The ITAT has also adjudicated on other TP issues such as selection of comparable companies and appropriateness of reliance on segmental margins with respect to provision of software development services, arm’s length interest on a loan provided to an overseas subsidiary and re-characterization of equity into a loan. Except for the matter pertaining to selection of certain comparable companies wherein the ITAT recorded its findings, the remaining matters were remanded to the Assessing Officer (AO)/ TPO with directions for fresh consideration.
One of the fundamental fact patterns in the evolution of international transfer pricing concepts and rules involves an enterprise’s use of a financial resource belonging to an associated enterprise. An aspect of the use of money relates to the use of a credit enhancement instrument, which typically arises in the context of guarantees of the obligations of one controlled entity by another. Although the OECD Transfer Pricing Guidelines, 2010 acknowledge the role of the use of money in transfer pricing matters, they do not yet provide specific guidelines regarding how such issues are to be addressed and resolved. Nonetheless, the elements that are typically important in evaluating transfer pricing issues involving the use of money within multinational enterprise groups can be outlined by drawing on general arm’s-length principles.
Whether the mere presence of a guarantee support to an AE is subject to TP provisions has been a contentious issue in the Indian context. The ITL was amended in 2012 to clarify that provision of a guarantee to an AE is an international transaction. However, in a recent ruling, the Delhi ITAT ruled that despite the amendment, a guarantee would not by itself constitute an international transaction as the guarantor does not incur any costs while extending the guarantee.

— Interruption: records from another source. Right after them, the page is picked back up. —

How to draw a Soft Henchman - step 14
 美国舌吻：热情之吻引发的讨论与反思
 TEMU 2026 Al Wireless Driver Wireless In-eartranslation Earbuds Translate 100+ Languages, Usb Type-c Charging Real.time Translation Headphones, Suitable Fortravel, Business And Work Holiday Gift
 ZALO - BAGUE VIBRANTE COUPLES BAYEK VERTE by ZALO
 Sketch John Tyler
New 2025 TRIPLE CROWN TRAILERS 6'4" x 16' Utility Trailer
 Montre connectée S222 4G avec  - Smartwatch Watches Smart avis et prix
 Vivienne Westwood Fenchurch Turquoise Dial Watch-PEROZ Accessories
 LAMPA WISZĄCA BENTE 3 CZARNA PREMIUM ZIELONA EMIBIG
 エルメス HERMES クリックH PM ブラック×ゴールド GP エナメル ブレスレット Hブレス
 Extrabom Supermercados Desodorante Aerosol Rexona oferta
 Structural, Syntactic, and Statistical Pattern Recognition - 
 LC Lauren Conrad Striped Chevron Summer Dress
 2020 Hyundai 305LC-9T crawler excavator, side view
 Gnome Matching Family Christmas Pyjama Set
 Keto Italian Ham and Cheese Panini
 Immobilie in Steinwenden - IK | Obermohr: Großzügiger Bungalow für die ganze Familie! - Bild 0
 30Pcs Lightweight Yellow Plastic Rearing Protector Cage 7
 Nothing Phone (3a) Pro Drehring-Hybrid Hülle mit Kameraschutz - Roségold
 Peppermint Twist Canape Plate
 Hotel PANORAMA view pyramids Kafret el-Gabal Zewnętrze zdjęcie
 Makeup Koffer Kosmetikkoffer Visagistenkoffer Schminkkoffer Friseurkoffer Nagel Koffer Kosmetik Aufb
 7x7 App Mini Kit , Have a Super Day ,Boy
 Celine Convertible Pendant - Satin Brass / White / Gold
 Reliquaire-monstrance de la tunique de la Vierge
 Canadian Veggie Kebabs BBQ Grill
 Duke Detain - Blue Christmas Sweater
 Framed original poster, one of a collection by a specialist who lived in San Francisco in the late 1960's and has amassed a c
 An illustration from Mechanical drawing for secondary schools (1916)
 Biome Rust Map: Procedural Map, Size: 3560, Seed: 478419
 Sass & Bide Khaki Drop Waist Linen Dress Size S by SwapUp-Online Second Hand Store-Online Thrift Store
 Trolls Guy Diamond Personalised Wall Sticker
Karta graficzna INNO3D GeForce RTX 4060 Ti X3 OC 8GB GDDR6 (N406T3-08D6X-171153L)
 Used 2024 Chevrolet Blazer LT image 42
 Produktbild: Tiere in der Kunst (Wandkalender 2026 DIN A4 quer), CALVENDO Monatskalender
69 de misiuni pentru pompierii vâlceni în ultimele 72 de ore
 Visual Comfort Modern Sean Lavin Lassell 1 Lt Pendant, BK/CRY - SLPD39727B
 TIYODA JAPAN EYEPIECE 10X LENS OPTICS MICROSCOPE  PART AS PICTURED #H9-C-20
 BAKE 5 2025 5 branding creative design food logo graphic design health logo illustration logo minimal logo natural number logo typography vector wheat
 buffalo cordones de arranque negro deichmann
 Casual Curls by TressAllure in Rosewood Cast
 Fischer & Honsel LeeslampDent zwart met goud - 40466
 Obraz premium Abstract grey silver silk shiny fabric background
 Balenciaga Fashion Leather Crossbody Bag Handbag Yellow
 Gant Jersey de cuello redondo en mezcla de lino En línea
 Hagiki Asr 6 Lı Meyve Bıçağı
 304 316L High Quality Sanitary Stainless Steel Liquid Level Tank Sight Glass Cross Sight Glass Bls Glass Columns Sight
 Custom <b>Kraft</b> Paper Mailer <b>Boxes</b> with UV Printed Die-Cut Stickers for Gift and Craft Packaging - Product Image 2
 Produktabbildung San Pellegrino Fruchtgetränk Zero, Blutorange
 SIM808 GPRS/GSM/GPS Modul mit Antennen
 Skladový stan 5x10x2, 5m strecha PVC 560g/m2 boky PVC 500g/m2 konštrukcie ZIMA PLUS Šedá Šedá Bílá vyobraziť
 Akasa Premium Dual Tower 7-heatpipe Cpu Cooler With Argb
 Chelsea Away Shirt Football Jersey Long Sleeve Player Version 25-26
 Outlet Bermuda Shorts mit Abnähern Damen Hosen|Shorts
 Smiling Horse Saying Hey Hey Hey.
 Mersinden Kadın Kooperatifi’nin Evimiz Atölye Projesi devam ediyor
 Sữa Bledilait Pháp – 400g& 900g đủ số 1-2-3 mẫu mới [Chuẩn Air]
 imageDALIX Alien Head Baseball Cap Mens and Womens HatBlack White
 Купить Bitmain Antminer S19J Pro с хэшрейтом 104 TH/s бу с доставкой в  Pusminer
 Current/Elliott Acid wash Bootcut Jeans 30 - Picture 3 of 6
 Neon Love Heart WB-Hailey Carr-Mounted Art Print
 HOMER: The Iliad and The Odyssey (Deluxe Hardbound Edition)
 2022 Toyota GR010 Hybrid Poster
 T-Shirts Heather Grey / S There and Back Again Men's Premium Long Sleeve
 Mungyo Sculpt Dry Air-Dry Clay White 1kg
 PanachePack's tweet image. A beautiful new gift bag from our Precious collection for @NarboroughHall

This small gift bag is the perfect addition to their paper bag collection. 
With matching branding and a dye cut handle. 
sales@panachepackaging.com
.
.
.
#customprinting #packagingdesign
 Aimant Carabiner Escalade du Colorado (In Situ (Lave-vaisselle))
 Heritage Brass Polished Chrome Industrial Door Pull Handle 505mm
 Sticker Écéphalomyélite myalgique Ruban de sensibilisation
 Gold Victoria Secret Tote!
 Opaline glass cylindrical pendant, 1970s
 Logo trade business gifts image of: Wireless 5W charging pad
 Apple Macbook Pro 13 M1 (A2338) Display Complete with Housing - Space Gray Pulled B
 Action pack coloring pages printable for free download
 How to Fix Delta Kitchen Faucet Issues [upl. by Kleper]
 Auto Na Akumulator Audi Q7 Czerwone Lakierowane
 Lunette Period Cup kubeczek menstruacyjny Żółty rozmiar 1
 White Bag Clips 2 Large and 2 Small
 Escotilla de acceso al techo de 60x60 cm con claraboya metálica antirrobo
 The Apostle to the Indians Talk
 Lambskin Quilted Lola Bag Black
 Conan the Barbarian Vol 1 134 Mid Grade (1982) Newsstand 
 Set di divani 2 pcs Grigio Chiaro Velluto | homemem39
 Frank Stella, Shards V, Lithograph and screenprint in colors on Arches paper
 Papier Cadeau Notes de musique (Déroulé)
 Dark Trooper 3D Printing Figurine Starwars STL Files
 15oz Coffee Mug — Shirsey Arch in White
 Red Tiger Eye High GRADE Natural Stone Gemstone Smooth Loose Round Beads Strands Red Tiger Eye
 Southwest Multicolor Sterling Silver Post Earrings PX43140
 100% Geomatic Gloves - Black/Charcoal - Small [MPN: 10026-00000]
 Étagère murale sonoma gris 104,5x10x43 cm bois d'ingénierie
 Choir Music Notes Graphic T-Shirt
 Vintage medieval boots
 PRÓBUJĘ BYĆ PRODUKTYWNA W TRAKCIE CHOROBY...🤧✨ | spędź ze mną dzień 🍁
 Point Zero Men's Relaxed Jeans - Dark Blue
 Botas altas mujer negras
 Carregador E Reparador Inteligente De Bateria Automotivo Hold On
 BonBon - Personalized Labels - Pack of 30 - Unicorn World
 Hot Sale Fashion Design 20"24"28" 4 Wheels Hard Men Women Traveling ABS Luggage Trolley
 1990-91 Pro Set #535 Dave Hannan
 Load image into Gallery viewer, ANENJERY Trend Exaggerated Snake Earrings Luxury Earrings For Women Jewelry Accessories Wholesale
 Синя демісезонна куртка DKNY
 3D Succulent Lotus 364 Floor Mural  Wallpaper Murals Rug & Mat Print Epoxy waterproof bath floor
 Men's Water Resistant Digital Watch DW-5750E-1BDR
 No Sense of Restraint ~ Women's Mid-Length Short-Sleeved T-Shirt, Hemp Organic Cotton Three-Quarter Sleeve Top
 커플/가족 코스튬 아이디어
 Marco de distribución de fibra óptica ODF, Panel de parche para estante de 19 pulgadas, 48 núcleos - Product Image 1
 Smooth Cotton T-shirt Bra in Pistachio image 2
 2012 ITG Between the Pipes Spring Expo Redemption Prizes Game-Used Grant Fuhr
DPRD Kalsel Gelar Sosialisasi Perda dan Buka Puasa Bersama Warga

This ruling of the Hyderabad ITAT takes a different view of the amendment and therefore, has not followed its earlier decision on this matter in the Taxpayer’s own case.
However, the issue of whether a charge should be imposed for provision of a guarantee is primarily a factual inquiry. Taxpayers should undertake a factual review of their intercompany guarantee arrangements to determine which conclusion can be applied to their fact pattern. While the ruling does not address the issue relating to manner in which an ALP may be determined for a guarantee transaction, the ITAT has rejected the TPO’s approach of obtaining price quotations from banks as an approach for pricing related party guarantee transactions.